» ACTION ITEM:
Search the records for the string "animal" and copy every line where it turns up.
+-------+
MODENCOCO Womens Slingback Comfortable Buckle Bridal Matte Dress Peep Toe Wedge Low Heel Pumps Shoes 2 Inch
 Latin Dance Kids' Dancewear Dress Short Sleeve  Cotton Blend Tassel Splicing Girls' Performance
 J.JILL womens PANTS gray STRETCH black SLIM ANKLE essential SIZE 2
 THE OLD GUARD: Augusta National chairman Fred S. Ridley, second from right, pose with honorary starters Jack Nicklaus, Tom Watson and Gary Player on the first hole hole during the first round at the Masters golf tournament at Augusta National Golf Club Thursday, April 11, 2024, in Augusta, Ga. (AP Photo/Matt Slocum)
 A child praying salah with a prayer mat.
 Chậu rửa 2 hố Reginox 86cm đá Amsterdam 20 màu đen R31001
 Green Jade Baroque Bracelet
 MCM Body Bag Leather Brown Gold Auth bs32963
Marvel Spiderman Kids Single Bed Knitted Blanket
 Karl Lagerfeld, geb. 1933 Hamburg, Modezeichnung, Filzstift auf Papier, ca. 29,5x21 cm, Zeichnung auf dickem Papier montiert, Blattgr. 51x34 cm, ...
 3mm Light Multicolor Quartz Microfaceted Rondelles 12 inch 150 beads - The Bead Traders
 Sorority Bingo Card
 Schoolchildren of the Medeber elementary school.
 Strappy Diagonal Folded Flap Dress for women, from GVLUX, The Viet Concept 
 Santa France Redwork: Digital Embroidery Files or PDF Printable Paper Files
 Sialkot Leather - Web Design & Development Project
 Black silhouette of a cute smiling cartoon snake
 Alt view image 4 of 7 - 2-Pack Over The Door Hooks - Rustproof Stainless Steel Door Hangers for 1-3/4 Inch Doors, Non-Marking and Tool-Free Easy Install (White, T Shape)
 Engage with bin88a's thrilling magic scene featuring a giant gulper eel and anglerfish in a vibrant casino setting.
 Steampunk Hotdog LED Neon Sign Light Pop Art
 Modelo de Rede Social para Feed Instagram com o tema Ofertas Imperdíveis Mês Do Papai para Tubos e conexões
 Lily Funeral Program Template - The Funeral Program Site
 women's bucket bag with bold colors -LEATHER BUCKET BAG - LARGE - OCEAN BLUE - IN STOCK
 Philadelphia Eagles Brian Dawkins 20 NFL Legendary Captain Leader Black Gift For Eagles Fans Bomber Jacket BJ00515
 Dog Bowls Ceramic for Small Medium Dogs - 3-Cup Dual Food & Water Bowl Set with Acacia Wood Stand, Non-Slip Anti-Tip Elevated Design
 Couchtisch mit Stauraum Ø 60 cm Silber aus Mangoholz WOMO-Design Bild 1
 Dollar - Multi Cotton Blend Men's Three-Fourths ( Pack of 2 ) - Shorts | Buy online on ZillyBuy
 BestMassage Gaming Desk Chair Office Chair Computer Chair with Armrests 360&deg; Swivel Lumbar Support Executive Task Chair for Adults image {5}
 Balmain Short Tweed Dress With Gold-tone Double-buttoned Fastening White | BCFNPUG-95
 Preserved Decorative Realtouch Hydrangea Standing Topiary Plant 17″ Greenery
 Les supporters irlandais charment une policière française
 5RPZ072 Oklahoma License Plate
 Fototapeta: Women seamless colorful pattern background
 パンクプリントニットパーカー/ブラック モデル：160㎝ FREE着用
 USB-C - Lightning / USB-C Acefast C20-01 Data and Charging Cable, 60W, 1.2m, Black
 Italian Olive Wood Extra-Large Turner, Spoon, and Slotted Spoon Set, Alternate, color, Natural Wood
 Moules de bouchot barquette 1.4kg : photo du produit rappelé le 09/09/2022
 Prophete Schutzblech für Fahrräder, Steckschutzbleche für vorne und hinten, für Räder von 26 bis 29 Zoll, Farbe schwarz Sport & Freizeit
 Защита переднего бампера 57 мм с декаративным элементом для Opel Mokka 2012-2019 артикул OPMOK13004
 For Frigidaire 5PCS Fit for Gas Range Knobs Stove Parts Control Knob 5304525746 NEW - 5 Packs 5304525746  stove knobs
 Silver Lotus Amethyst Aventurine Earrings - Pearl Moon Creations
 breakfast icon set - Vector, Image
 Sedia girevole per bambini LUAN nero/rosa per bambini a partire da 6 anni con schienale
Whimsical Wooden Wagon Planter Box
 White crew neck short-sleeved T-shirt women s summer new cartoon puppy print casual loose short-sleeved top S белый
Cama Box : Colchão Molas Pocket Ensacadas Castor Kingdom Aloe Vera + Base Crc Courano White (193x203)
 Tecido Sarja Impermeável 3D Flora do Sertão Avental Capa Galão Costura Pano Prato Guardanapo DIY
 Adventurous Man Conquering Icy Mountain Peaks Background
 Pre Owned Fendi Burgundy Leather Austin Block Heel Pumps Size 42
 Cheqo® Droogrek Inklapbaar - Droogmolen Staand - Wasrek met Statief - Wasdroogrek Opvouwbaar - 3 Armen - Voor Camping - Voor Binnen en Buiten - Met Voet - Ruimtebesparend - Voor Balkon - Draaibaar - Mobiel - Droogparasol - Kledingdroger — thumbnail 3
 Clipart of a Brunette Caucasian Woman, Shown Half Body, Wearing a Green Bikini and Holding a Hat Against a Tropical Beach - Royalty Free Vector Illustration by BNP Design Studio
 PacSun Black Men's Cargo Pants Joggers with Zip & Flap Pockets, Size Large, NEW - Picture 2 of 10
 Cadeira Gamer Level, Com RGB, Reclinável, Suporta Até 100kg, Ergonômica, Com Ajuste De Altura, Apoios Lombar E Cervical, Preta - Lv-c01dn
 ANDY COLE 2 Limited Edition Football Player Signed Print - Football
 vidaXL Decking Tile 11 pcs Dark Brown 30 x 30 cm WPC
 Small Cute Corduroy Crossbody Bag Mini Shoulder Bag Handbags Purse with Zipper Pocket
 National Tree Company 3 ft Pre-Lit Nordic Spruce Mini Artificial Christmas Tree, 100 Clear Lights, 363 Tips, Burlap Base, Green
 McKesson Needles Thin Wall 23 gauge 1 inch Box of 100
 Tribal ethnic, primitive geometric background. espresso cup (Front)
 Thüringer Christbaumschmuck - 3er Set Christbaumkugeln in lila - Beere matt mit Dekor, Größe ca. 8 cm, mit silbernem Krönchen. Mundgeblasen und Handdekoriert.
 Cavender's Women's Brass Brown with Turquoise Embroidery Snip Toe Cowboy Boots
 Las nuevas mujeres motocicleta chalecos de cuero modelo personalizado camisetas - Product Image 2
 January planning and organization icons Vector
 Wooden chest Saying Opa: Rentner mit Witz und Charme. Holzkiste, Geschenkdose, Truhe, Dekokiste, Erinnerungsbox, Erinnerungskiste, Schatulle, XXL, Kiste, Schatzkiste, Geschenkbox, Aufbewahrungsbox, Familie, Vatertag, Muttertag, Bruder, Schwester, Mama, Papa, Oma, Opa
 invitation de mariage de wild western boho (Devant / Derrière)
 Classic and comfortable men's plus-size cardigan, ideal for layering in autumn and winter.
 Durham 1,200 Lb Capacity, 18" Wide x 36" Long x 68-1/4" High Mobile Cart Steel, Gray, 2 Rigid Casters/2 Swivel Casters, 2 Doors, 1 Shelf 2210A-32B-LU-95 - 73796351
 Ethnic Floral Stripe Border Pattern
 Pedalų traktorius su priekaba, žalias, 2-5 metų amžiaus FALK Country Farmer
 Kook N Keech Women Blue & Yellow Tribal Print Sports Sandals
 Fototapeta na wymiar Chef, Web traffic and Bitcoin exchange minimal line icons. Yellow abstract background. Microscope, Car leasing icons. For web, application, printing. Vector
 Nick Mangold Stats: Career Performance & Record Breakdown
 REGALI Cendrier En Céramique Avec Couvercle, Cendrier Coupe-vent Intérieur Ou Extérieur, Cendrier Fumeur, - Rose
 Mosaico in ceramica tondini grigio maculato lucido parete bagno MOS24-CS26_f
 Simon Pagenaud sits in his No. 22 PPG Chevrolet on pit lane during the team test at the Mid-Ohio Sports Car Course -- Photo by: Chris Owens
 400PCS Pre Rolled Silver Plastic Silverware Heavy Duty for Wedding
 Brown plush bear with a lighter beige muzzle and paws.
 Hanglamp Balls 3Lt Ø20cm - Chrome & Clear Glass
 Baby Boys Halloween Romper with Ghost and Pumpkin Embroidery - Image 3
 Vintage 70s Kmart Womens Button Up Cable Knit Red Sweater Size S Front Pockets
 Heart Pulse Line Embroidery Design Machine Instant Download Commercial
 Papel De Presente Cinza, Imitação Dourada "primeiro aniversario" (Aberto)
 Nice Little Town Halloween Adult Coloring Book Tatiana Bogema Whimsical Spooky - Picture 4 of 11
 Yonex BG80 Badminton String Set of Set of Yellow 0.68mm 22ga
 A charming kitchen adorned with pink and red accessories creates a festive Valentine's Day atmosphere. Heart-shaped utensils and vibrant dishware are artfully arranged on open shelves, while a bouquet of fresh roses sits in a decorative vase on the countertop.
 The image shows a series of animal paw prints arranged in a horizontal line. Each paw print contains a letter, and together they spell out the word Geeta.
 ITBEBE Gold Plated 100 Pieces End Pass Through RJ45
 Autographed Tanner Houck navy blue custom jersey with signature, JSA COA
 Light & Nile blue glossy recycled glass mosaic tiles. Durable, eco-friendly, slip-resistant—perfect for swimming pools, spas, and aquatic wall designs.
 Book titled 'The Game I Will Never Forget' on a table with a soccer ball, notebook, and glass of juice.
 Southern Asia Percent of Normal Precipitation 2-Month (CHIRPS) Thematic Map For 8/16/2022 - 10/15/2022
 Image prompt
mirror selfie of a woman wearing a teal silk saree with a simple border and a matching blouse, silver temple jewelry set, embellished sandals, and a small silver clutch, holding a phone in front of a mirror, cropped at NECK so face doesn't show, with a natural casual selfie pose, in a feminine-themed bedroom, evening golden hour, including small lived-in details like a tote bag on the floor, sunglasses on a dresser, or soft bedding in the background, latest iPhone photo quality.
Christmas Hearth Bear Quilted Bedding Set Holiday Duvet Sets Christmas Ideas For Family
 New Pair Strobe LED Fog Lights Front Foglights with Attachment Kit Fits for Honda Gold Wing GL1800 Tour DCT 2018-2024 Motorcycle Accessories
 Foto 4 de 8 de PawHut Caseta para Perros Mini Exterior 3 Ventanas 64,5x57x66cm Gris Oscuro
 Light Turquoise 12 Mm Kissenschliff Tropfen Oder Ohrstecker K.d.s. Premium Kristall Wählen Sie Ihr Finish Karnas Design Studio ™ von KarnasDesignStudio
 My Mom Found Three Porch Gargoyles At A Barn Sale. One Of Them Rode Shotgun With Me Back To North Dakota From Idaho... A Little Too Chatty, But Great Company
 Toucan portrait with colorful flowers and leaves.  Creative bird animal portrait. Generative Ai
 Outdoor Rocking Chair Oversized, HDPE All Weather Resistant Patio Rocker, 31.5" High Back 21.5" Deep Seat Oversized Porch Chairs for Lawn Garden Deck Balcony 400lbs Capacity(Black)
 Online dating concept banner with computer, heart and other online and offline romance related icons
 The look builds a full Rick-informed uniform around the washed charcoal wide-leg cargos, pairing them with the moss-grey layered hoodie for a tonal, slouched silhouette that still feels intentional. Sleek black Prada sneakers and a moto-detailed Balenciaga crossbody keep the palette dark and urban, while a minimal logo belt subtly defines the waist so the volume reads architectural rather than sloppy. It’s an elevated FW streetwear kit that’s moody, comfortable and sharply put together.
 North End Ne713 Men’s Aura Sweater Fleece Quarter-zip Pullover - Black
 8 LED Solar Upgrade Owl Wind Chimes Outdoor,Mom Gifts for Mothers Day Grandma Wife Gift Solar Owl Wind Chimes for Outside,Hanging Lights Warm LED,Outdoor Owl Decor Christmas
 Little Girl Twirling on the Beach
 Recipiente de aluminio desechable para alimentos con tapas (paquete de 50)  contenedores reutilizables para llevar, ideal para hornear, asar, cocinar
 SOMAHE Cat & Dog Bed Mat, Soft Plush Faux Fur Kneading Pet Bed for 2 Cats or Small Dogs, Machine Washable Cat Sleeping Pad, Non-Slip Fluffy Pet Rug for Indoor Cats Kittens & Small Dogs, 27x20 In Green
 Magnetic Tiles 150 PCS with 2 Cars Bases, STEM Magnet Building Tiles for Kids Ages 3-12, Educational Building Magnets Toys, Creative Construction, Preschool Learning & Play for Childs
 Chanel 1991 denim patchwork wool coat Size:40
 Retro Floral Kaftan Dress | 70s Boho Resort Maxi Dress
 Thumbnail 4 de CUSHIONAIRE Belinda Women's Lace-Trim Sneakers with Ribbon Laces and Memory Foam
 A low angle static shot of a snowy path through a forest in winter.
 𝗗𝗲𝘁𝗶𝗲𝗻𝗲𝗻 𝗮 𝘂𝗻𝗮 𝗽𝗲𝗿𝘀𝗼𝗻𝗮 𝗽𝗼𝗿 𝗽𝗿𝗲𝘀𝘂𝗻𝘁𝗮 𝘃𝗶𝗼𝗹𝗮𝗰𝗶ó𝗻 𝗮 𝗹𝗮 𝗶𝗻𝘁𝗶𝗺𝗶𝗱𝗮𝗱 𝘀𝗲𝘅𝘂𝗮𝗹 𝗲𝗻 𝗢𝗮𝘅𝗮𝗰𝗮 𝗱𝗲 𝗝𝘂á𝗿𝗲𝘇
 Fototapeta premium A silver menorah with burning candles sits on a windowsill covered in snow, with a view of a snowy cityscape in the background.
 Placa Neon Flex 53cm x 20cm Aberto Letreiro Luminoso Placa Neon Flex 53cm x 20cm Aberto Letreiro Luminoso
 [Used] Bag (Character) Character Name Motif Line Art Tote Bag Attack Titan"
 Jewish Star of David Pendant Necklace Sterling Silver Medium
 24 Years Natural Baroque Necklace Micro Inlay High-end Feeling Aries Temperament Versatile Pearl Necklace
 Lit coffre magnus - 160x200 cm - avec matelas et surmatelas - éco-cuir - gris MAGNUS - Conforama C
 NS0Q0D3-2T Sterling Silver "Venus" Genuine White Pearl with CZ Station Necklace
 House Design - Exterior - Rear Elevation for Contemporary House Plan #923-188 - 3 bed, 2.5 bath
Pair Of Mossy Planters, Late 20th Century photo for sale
+-------+
» RESPONSE AREA:
 The image shows a series of animal paw prints arranged in a horizontal line. Each paw print contains a letter, and together they spell out the word Geeta.
 Toucan portrait with colorful flowers and leaves.  Creative bird animal portrait. Generative Ai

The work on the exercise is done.